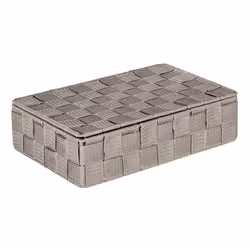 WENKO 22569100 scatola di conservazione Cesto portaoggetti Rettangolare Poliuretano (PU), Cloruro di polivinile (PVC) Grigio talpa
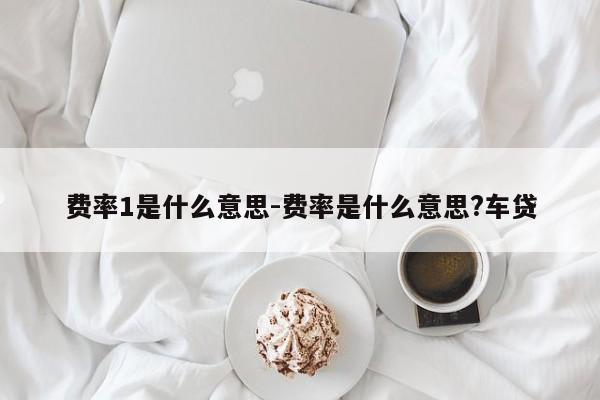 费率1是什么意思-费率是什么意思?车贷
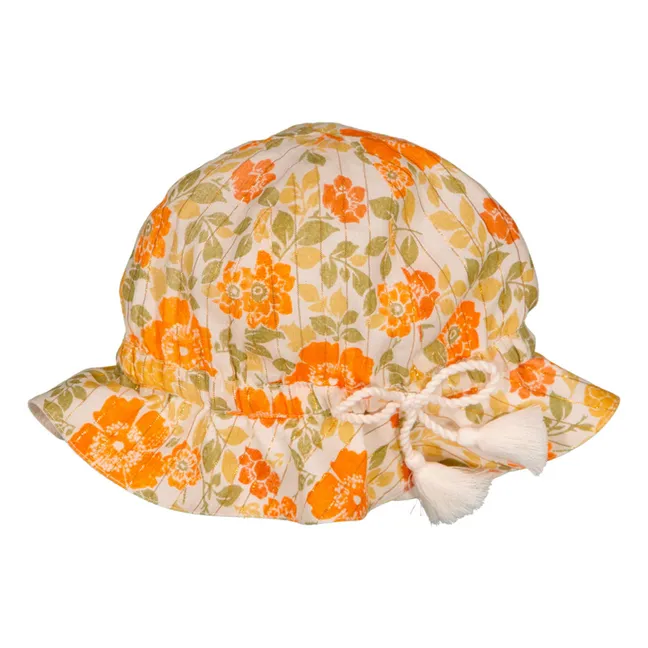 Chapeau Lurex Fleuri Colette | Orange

**PROBLEM REQUIREMENTS:**
Output the full material exactly as given, without its pictures.

**RESULT BELOW:**
 WENKO 22569100 scatola di conservazione Cesto portaoggetti Rettangolare Poliuretano (PU), Cloruro di polivinile (PVC) Grigio talpa
 费率1是什么意思-费率是什么意思?车贷
 Chapeau Lurex Fleuri Colette | Orange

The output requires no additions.